The mutant phenotype prompted us to assess the role and the mode of action of Gcm. Given the early and transient expression of Gcm in glial cells24,30,31, we analysed the mutant spermathecae and the profile of Gcm expression during development. Spermathecae develop during the pupal stage and the different cell types arise from multipotent precursors (MP) that express Lz and divide to produce the lumen epithelium precursors (LEP) also expressing Lz as well as the secondary precursors called Secretory Unit Precursors (SUP), which do not express Lz14. Each SUP divides and produces the AC and a tertiary precursor, which in turn divides and produces the SC as well as the BC that undergoes apoptosis at the adult stage (Fig. 3h)14.

Figure 3
figure 3

Gcm is expressed early in the secretory cell precursor to initiate the differentiation of the secretory cell.

(a–c) Single confocal sections of spermathecae from adult females (1 to 3-day-old) lzGal4,UAS-mCD8GFP/+ (control) (a), lzGal4,UAS-mCD8GFP/+;UAS-gcmRNAi (lz > gcm KD) (b) and lzGal4,UAS-mCD8GFP/+;UAS-gcm (lz > gcm GOF) (c) labelled with anti-GFP (lz > GFP, in green), anti-Hnt (Hnt, in red) and DAPI (blue). The region indicated by the white square in (b) is magnified in (b’) and (b”), in which the LEC are indicated by a dashed line. DAPI is in grey in (b”). (c’) Bright-field image of a lz > gcm GOF spermatheca. (d–d”’) Confocal projection of a gcmGal4/+;g-trace/+ (gcm > g-trace) adult spermatheca labelled with anti-Hnt (Hnt, in red), anti-GFP (gcm > g-trace, in green) and DAPI (blue). (d) represents the overlay of anti-Hnt, anti-GFP and DAPI, (d’) shows the DAPI labelling, (d”) Gcm lineage and Hnt and (d”’) anti-Hnt. The white asterisks indicate the SC and the LEC are indicated by a dashed line. (e–g”’) Confocal projections of lzGal4,UAS-mCD8GFP/+;gcmrA87/+ pupal spermathecae labelled with anti-βgal (gcm-lacZ, in grey), anti-Hnt (Hnt, in red), anti-GFP (lz > GFP, in green) and DAPI (blue). The images were taken at 28 hrs after puparium formation (APF) (e–e”’), 48 hrs APF (f–f”’) and 72 hrs APF (g–g”’). Each marker is shown individually in (eg) for anti-GFP, (e’,f’,g’) for anti-Hnt, (e”,f”,g”) for anti-βgal and the overlay of the three channels and DAPI is shown in (e”’,f”’,g”’). The white arrowheads indicate cells expressing Gcm and Hnt, which correspond to the SUP, the empty arrowheads indicate cells expressing Lz and Gcm, which correspond to the MP (e–e”’). The inset (in f”’) shows SC expressing Hnt and low levels of Gcm, BC expressing high levels of Gcm, an AC expressing Hnt only and an LEC expressing Lz. (h) Schematic representation of spermatheca development (modified from ref. 15). The time scale is indicated above the schematic in hours APF. The yellow circles indicate Lz expression, the red circles Hnt and the green circles Gcm expression. The skull pictograms indicate the cells undergoing apoptosis. See also Figure S3.
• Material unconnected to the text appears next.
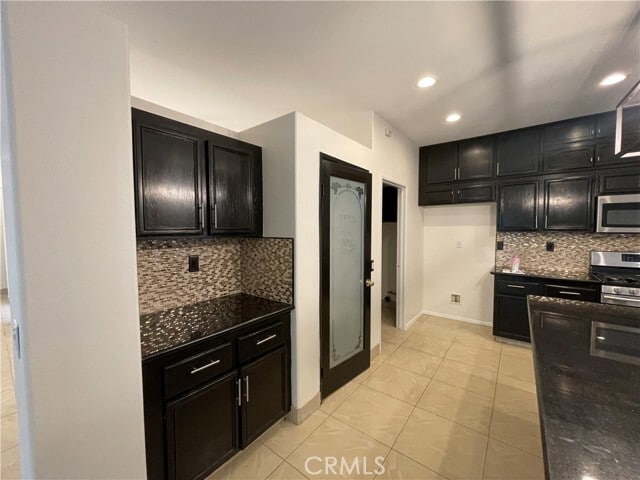 Building Photo - 83107 Greenbrier Dr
First, we knocked down Gcm expression using the lzGal4 driver (lz > gcm KD), which is active in the MP. Like in hypomorphic conditions and in gcm > gcm KD animals, RNAi-mediated down-regulation of Gcm in the MP leads to the decrease of the number of SC in the adult spermatheca (Fig. 3a,b) and the LEC are not impacted (Fig. 3b–b”). The similar phenotypes obtained with gcm> and lz>, a driver that is not active in the SUP14, suggest that the gcm promoter is already active in the MP that generates all cell types of the spermatheca (including SC and LEC). We then proceeded to overexpress Gcm under the control of the lzGal4 driver (lz > gcm GOF) and found that this leads to severe spermatheca defects including a deformed and almost absent cuticular structure. This phenotype is stronger than the overexpression of Gcm using the gcmGal4 driver (gcm > gcm GOF) in which the cuticular structure can still be observed (compare Fig. 3c’ and Supplemental Figures S2j–j”). This indicates that premature Gcm expression prevents LEC development and suggests that Gcm is expressed below threshold levels in the MP.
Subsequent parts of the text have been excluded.